Action item: Could you give back exactly the lines below from the one with "Argento Grey Knitted Tie" through the one with "Ursula MacDonald - 'Howtown, Ullswater', watercolour, signed", without a single picture?

Dataset records:
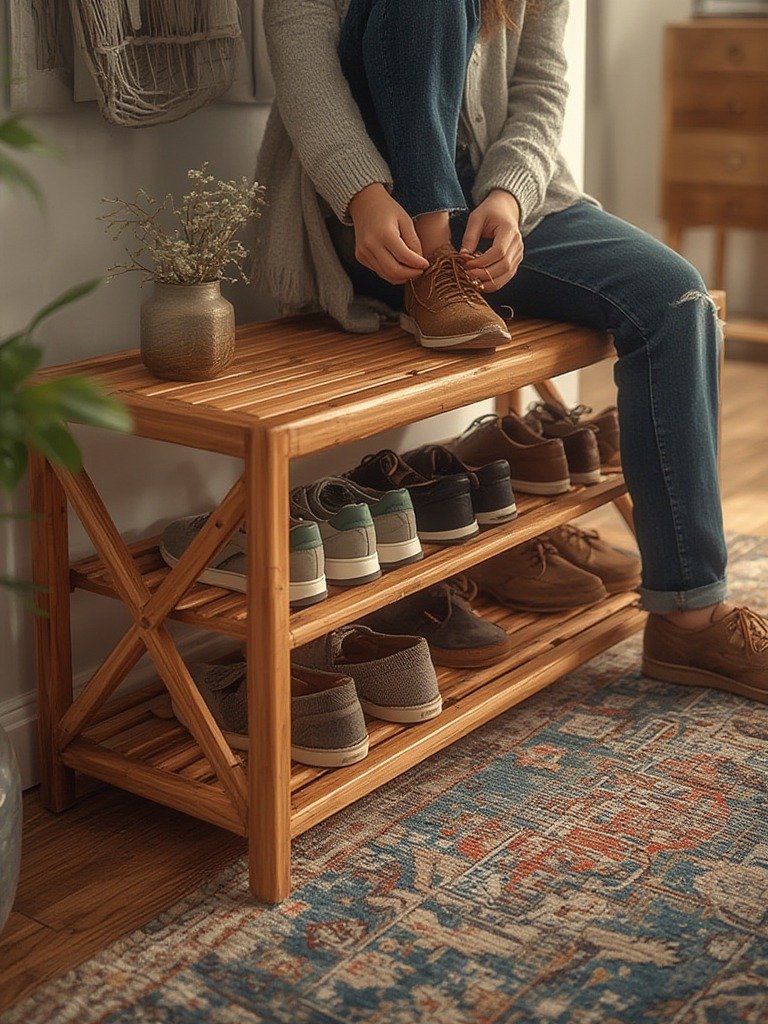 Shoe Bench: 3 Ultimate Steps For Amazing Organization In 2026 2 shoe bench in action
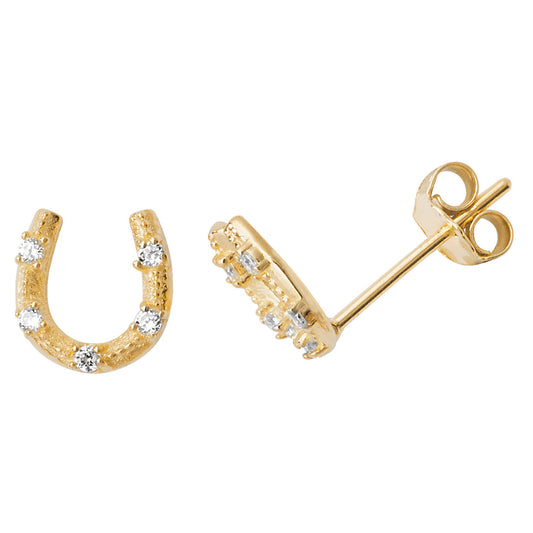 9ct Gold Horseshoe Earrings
--
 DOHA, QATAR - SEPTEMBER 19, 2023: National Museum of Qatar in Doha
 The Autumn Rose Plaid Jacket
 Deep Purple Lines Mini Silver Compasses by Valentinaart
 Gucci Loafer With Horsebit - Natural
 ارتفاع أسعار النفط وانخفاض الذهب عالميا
...
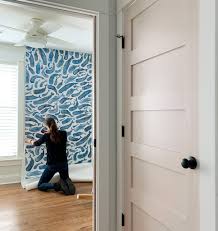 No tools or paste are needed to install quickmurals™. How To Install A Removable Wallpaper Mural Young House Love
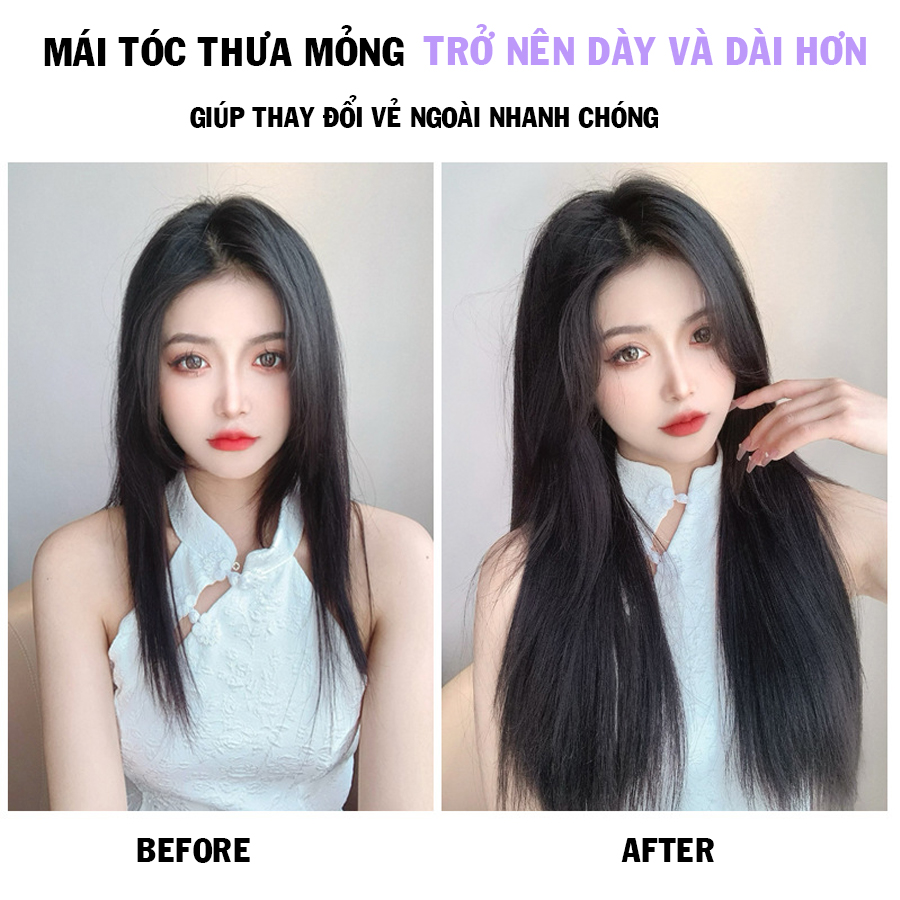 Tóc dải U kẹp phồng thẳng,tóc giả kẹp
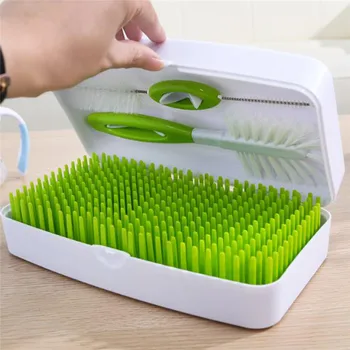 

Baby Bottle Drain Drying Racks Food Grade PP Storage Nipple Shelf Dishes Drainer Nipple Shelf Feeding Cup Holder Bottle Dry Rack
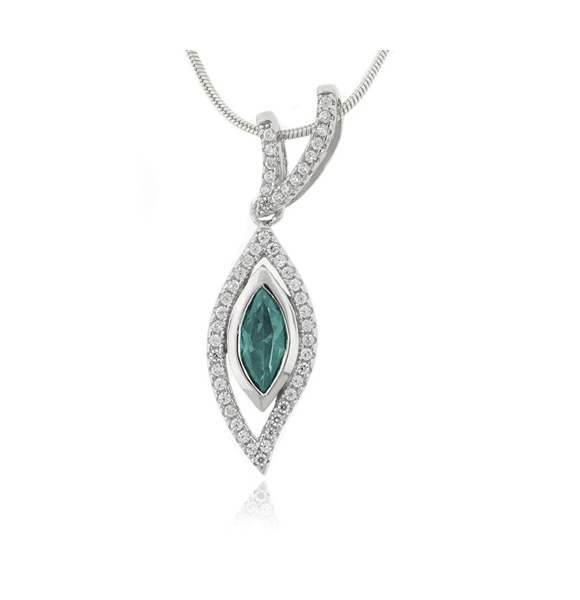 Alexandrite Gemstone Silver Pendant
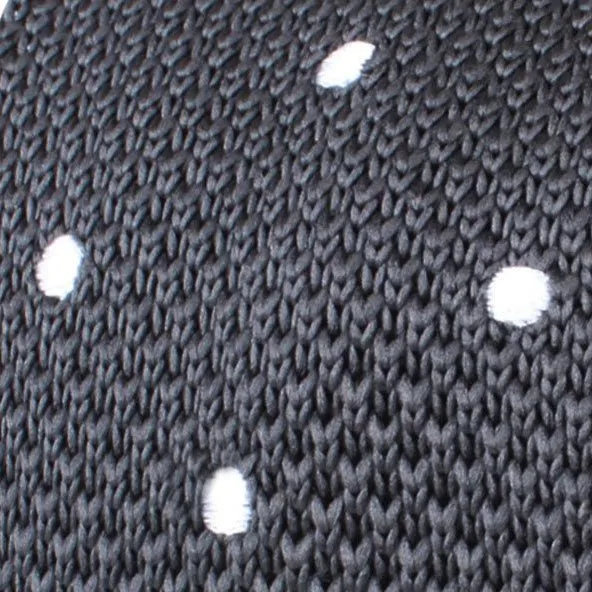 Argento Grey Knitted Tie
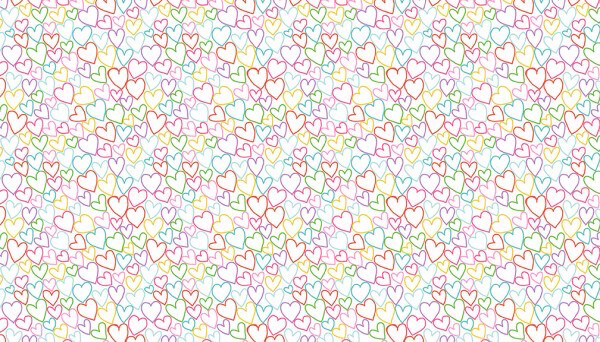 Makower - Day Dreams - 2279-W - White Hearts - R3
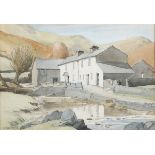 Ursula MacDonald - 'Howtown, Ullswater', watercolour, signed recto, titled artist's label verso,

Answer to this problem:
 Argento Grey Knitted Tie
 Makower - Day Dreams - 2279-W - White Hearts - R3
 Ursula MacDonald - 'Howtown, Ullswater', watercolour, signed recto, titled artist's label verso,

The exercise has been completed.